Copy the records below word for word, from the first line through the line that contains "L0vis Vvtt0n Trio", and leave out any pictures.

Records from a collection
+ + + + + + +
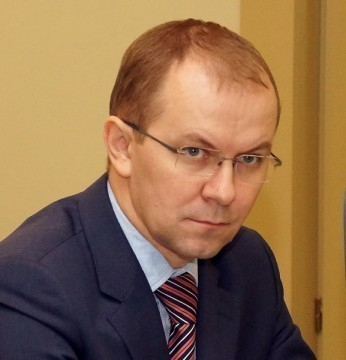 Вместо объявленного в розыск Олега Михеева справедливороссов Волгогоградской области будет возглавлять Дмитрий Калашников Вместо объявленного в розыск Олега Михеева справедливороссов Волгогоградской области будет возглавлять Дмитрий Калашников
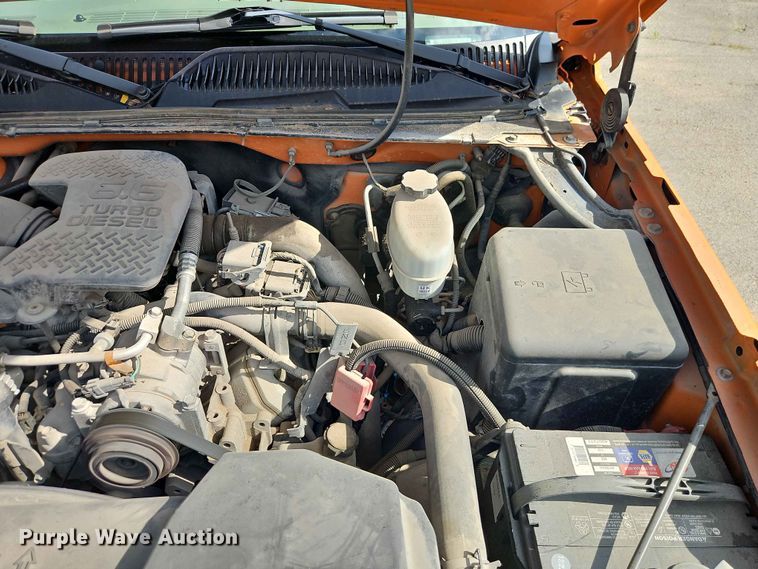 image for item FN5700 2004 Chevrolet Silverado 2500HD pickup truck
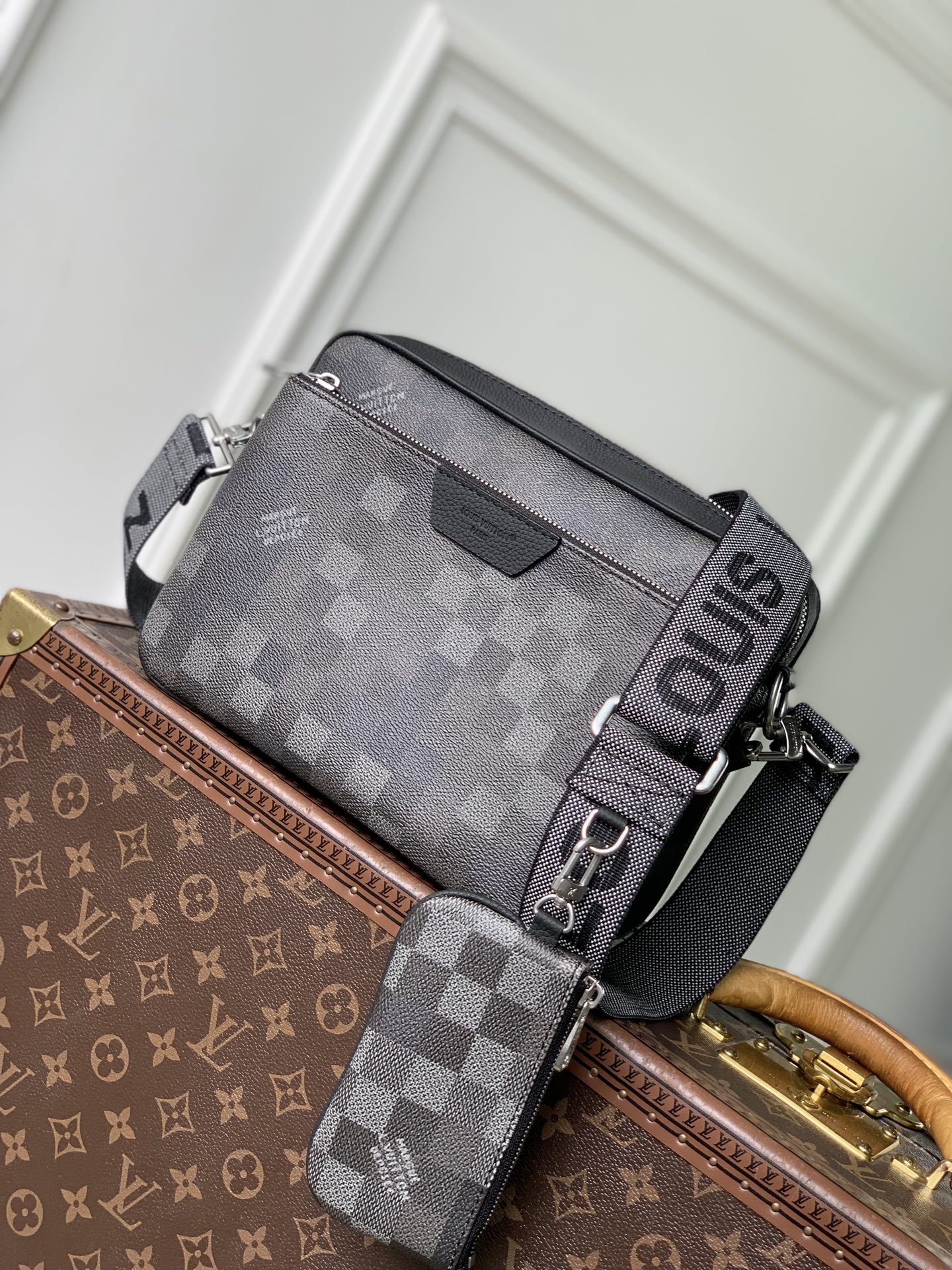 L0vis Vvtt0n Trio Messenger Bag -M28854-25 x 18.5 x 7CM
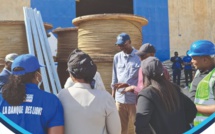 PUDC: Le coordonnateur national, Cheikh Diop visite l'entrepôt de stockage de Hann et de l'usine de Diamniadio du partenaire technique du projet 2000villages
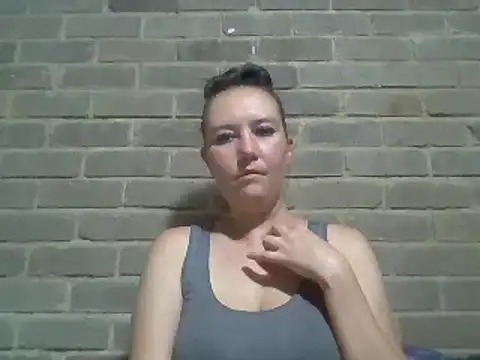 Snapshot of EksJouneMwah chatting on January 20, 2025, 12:28 pm EksJouneMwah online show from January 20, 2025, 12:28 pm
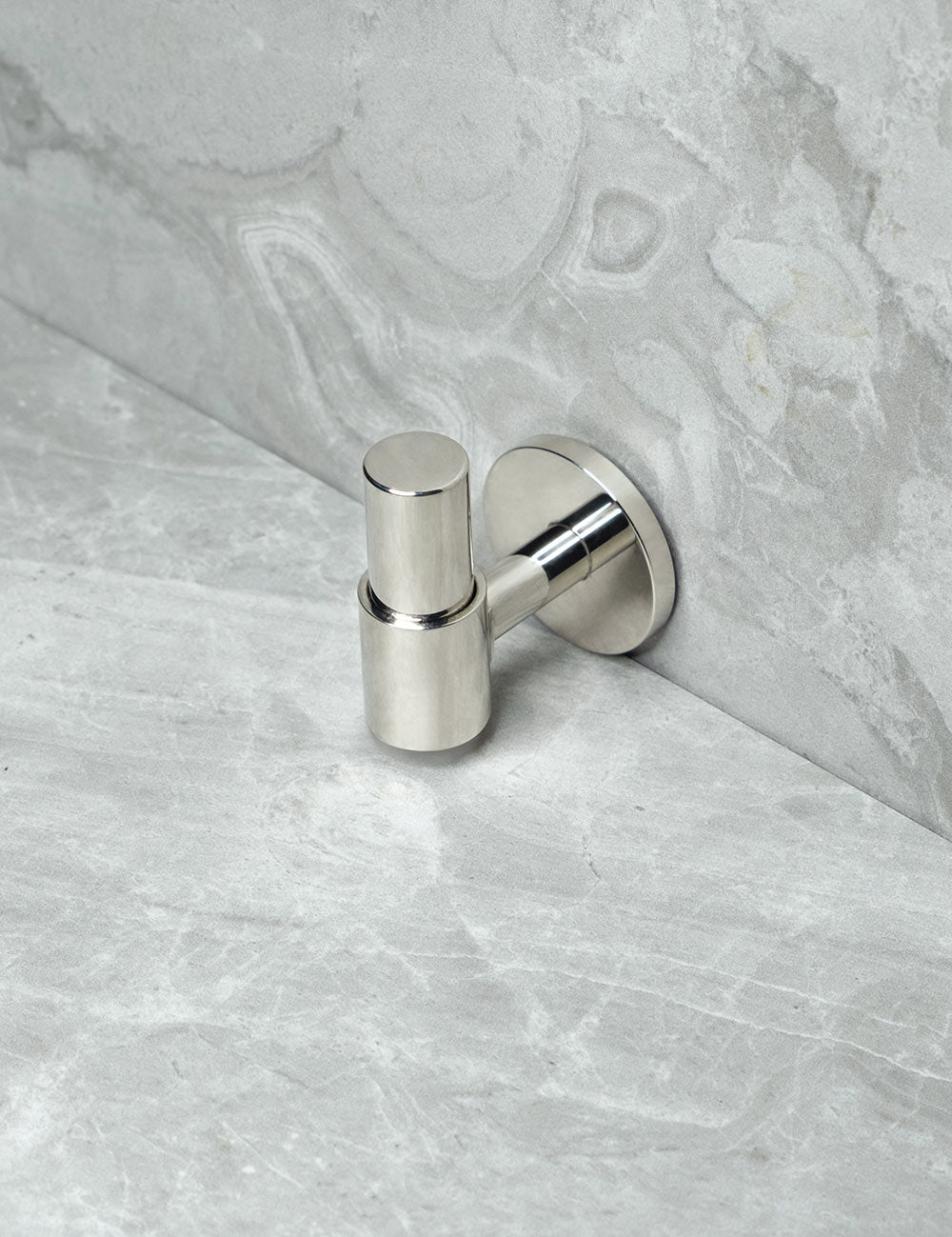 Polished Nickel. Luxury cabinet hardware made of solid brass by BRANDT Collective.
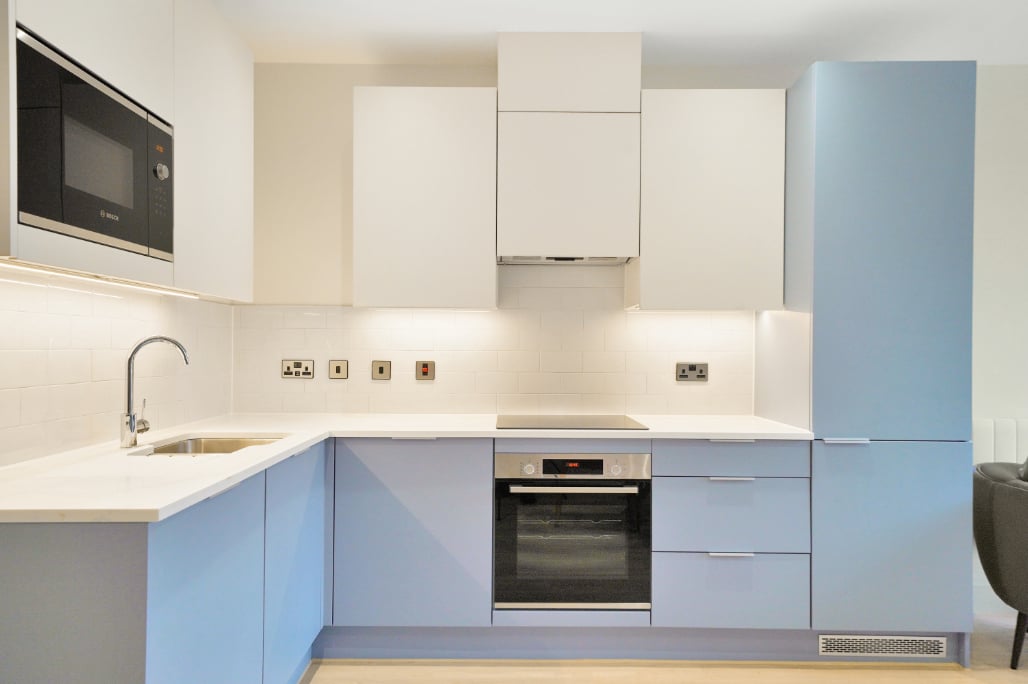 Flat Randalls Way in Mole Valley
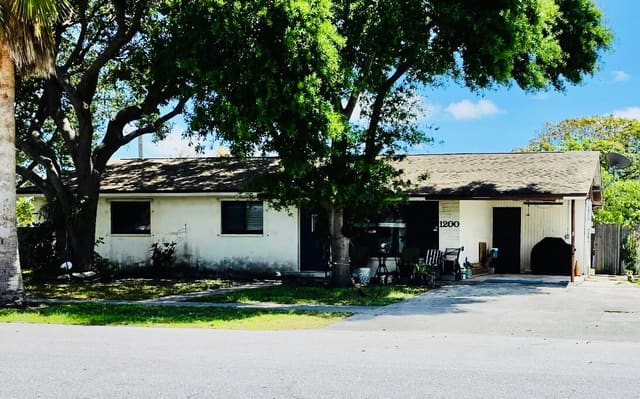 1200 W Broward Street, sold in Lantana Heights 5, Lantana, FL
+ + + + + + +
◆ Output for this exercise
 Вместо объявленного в розыск Олега Михеева справедливороссов Волгогоградской области будет возглавлять Дмитрий Калашников Вместо объявленного в розыск Олега Михеева справедливороссов Волгогоградской области будет возглавлять Дмитрий Калашников
 image for item FN5700 2004 Chevrolet Silverado 2500HD pickup truck
 L0vis Vvtt0n Trio Messenger Bag -M28854-25 x 18.5 x 7CM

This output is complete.